Nearly 40 percent of consumers said they haven’t changed organic product purchasing habits because of the recession, according to a recent survey from market research firm Mintel. Only 3 percent have stopped buying organic products altogether.
“Heavy users of natural and organic food and drink are most likely to indicate they’ve traded down to less expensive organic options,” noted David Browne, senior analyst at Mintel, in a press release. “However, less-frequent consumers of organic products have shown that they haven’t shifted their behavior.
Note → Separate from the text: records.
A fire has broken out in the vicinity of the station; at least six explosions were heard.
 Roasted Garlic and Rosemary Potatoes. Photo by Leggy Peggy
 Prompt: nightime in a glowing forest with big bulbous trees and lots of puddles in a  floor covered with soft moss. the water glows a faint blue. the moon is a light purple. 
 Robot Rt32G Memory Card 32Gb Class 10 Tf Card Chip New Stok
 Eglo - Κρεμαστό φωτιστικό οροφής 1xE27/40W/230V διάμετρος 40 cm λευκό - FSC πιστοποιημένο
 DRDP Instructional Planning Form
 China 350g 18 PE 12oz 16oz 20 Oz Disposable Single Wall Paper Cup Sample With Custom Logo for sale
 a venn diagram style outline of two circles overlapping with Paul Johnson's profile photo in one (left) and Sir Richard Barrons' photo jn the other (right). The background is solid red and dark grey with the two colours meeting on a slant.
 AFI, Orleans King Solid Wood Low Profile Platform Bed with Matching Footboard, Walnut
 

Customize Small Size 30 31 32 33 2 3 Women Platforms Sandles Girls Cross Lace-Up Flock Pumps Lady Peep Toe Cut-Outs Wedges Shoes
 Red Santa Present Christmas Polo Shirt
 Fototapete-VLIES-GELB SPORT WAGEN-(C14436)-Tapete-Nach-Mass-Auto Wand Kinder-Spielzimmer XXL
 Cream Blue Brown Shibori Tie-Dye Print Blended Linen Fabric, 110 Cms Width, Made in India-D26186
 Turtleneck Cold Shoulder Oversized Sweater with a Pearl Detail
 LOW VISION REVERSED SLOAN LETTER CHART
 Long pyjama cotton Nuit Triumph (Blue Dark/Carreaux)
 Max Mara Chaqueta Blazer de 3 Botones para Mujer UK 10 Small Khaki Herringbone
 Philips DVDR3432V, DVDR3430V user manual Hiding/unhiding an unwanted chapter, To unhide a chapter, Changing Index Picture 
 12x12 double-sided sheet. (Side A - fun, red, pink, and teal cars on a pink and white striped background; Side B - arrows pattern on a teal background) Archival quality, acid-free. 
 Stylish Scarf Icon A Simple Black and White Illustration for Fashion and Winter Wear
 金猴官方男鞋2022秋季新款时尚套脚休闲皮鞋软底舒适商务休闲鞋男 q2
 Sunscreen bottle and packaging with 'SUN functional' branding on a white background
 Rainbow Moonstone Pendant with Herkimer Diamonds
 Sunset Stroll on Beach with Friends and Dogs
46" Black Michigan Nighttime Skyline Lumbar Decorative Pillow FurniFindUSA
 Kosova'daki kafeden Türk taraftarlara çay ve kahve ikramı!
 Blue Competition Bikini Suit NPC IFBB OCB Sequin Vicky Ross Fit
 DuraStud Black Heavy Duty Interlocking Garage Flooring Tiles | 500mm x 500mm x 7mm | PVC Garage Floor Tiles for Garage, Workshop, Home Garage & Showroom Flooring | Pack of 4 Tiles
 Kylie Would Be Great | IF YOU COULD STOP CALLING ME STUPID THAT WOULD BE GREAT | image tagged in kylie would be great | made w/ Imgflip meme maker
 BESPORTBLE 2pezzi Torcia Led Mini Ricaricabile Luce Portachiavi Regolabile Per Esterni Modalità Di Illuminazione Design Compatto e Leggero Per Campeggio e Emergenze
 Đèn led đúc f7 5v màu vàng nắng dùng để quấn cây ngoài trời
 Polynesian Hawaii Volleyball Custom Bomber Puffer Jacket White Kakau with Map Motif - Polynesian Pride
This is good news for the organic food and drink market, as this group may begin to buy more once recession-related fears begin to fade.”
A separate survey of product purchasing by Schaumburg, Ill.-based consulting firm SPINS found that organic private labels have become more popular. Organic private labels moved up to the number one brand in one-third of 31 organic grocery categories studied. In most cases, the shift to organic private labels negatively affected loyalty to organic category brands.
Despite consumers’ commitment to organics, Mintel’s survey results indicated that consumer trust in natural and organics has room to grow. Only one-third (33 percent) of Mintel survey respondents trusted the term “natural” on labels and less than half (45 percent) trusted the term “organic.” Roughly 30 percent of respondents said they don’t know if they can trust either term.
“The natural and organic food industry has an opportunity to instill trust and educate consumers as we work our way out of this recession,” commented Browne of Mintel.
Although sales of organic food and beverages declined slightly in 2009 (-0.3 percent), and by year end Mintel predicts retail sales of about $6.2 billion, Mintel predicted organic food and beverage sales to reach nearly $8 billion by 2012, with growth of 28 percent from 2010-12.